Dans l’histoire de la République italienne, la société civile est appelée à la rescousse à chaque fois que les partis politiques arrivent au bout d’un cycle. L’exemple le plus cataclysmique suit la chute de Démocratie chrétienne, parti hégémonique de l’après-guerre emporté par les enquêtes anticorruption. Le premier gouvernement « technique » post-Mains propres est confié au gouverneur de la Banque d’Italie, Carlo Azeglio Ciampi en 1993. Le réflexe de se tourner, quand la classe politique déçoit trop, vers des économistes considérés comme des serviteurs impartiaux du bien public s’installe alors. Il joue de nouveau en 1995, la présidence du conseil revenant à un autre banquier central, Lamberto Dini ; puis à deux reprises avec Romano Prodi (1996-1998 et 2006-2008) ; et une nouvelle fois en 2011, avec Mario Monti, qui a dirigé la prestigieuse université Bocconi puis siégé comme commissaire européen à la Concurrence.

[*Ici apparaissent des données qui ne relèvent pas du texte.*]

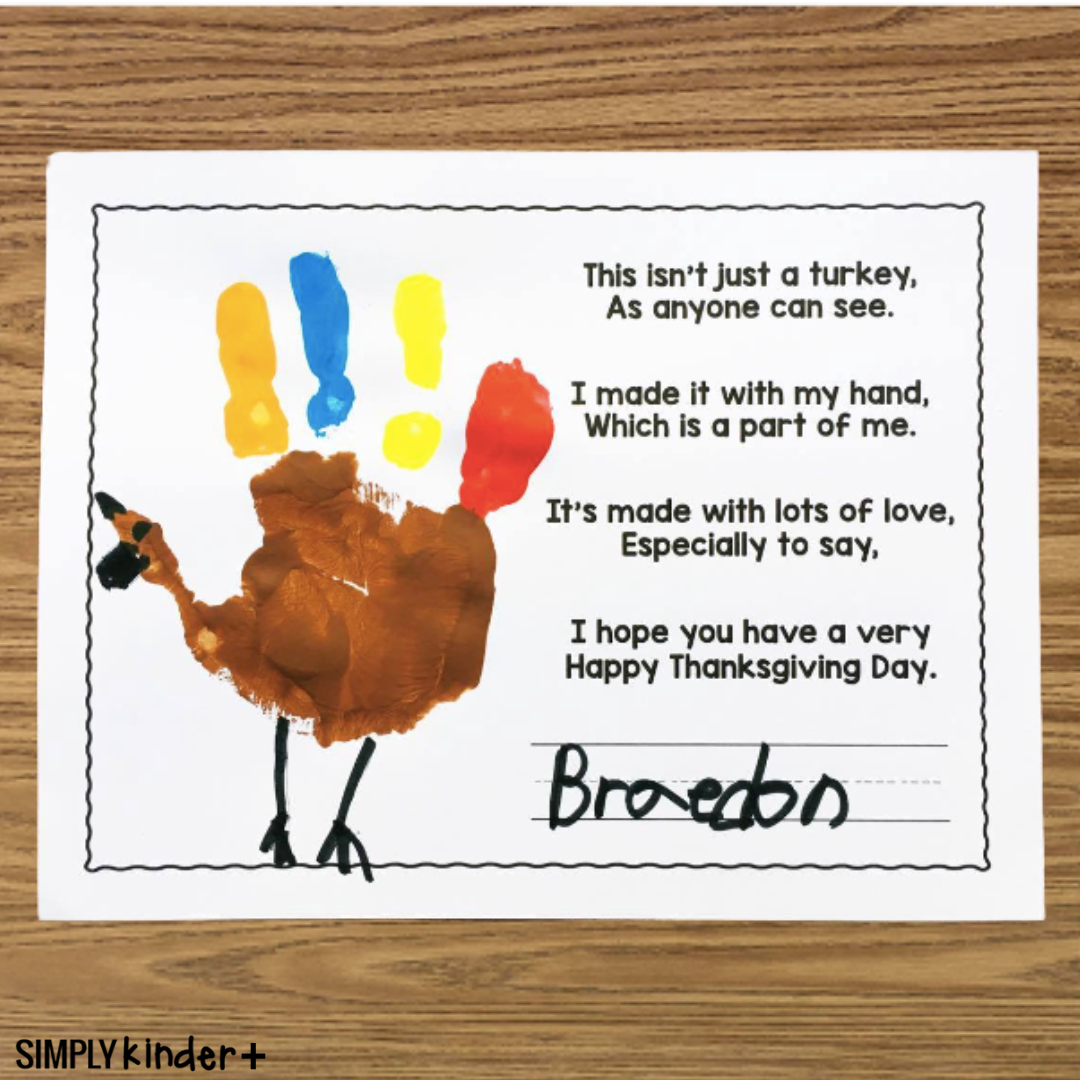 Turkey Handprint Poem - Simply Kinder + Printable Membership within Turkey Hands Printable Informational
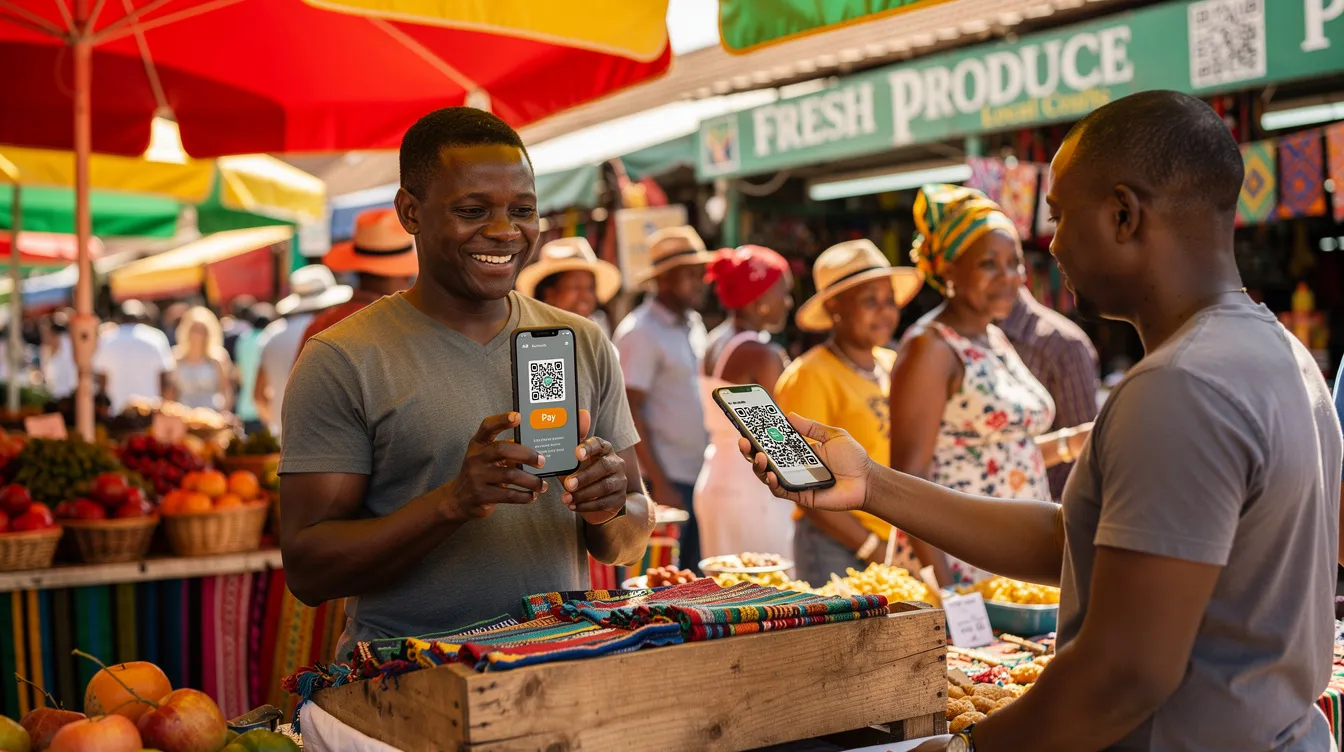 The image depicts a bustling outdoor South African market where people are browsing various stalls, while a vendor holds a smartphone, facilitating mobile payments through digital wallets. This scene highlights the growing trend of mobile banking and online payments in South Africa, showcasing how digital financial services are enhancing everyday transactions.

Ces austères gouvernements d’experts n’ont en général pas duré plus d’un an ou deux. Mais la vigoureuse société civile italienne a donné à la politique des personnages autrement plus bariolés. D’abord, le milliardaire Silvio Berlusconi. Quand il entre en politique en 1994, lui-même et son équipe apparaissent comme de nouvelles têtes : ils ont fait carrière soit dans son groupe, la Fininvest, soit dans des partis marginaux postfascistes comme la Ligue du Nord et Alliance nationale. Après avoir appris le métier à la faveur d’un premier échec, Berlusconi est devenu un politique redoutable, cumulant près de dix années au pouvoir. Actuellement, le Mouvement 5 étoiles, « 100 % société civile » et nourri du rejet des politiques, est très haut dans les sondages. Son fondateur, l’humoriste Beppe Grillo, ne fait plus rire.